Stock Expansion Tank Exterior
Before jumping into a design of our own, we needed to capture the dimensions and features of the stock unit to ensure that we include these in our component.
This tank features three coolant ports; two are on the top and one is on the base of the tank.
Despite the primary portion of this tank being constructed from plastic, these ports feature a metal internal sleeve to prevent failure. If you've ever removed hoses from an old radiator or expansion tank, you will understand how brittle this plastic can become.
The last remaining external features to consider are the cap threads and fill neck, which are shown below.
Stock Expansion Tank Internal Construction
Although it is only slightly noticeable from the shape of the exterior, the internal portion of this expansion tank features a ton of baffling. To get a better look, we sliced the expansion tank in half and had a look inside.
Each half is shown individually below.
What's with all the chambers? The chambers in the tank are in place to prevent any sloshing of coolant during hard cornering. One of the ports requires submersion in coolant to function properly, and if coolant were to end up below the port location, air would enter the system. As you may know, air within the cooling system can cause serious issues. An air pocket will restrict or block coolant flow which can cause massive temperature fluctuations and overheating. If an air pocket exists, it must be purged from the system to avoid continual overheating concerns. If the port in question were to become exposed to air during hard cornering, the possibility of air pockets entering your coolant system is quite high. This is not something you want to occur at a weekend autocross or track day.
These baffles are just as important as every other feature on this expansion tank.
We wanted to see firsthand what impact this baffling would have on coolant movement. We set up a quick testing rig, shown below, to perform our science experiment. We wanted to evaluate the performance of the baffles during simulated driving conditions to determine the need for these in our expansion tank design.

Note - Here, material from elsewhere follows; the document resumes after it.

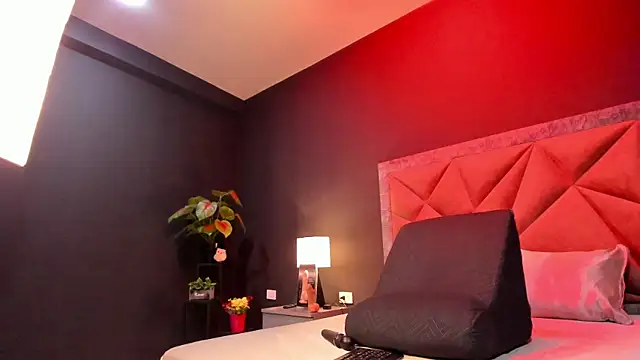 mia milff online show from October 22, 2025, 7:02 pm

We put together this testing rig to show how coolant would react within the baffled tank as well as an empty container without baffling.
We then strapped on our new Go-Pro camera and produced conditions similar to a ride on rough terrain and with aggressive cornering (such as at an autocross). Check out the video!
As you see from these photos/videos, the OE expansion tank isn't just a plastic jug designed to hold coolant, it is a highly engineered piece which needs a well thought out solution to not only improve under hood aesthetics, but also keep your factory cooling system functioning properly.
With this testing in the books, and in the minds of our engineering team, we set to work on a 3D model for our expansion tank design.
With the results from our test, we have determine the need for an internal baffle that emulates the stock tank. This will ensure that performance is identical in all situations.